The Dietary Guidelines for ­Americans 2020-2025 report said that sugar-­sweetened beverages are ­highest for contributing to average added sugar intake, making up 24%, but desserts and sweets are not far behind at 19%.


Orlando, FL-based HighKey, a low-sugar and better-for-you cookie, cracker and treat brand, is one of many companies determined to keep added sugar out of its products. Joe Ens, HighKey’s CEO, brought his extensive experience in the food industry to help the brand grow, but he said it was really the consumers who were leading the charge.

“Fifty-one percent of consumers are trying to avoid sugar, so we didn’t have to create the demand because the demand is there,” he said. “The shift toward more awareness is always going to be consumer-driven, although I do think the government has been thinking about it as well. But it’s really about when a consumer personally experiences the benefit of driving sugar out and focusing on naturally occurring sweeteners that help keep glucose levels in check.”

Including whole grains or sweeteners that retain their fiber content can help prevent these glucose spikes, letting consumers indulge without so many negative aftereffects. And as more consumers pay attention to these factors, retailers are increasing the number of products that fit this bill on their shelves.

“Retailers that are focused on better-for-you with intent as opposed to just the image are looking for that,” Ens said. “Sophisticated [consumers] are looking for sweeteners [that don’t] jack up your glucose levels like sugar does. I think as long as you are coming to retailers with natural solutions and clean ingredients, there’s a pretty strong receptivity to it.”

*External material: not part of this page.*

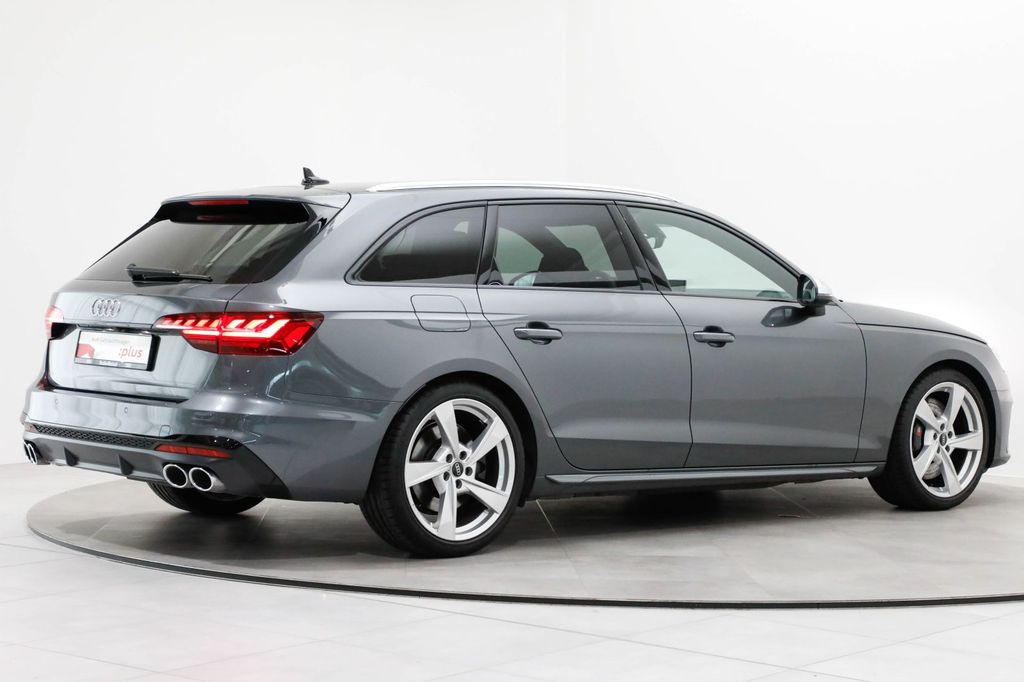 Audi S4 2023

That’s why smart sourcing of carbohydrates and sugars is not only meeting consumers’ dietary needs but also helping companies gain a loyal following for the quality and taste of their products.

“The baking industry is going to rely on flour and sugar because those are the core ingredients,” Petrarca said.

“For us, it’s still a cookie. We don’t want to get rid of cookies. People like to broadly cut [ingredients] categorically, and I think that’s short-sighted and un-realistic. It’s all about finding that next phase.”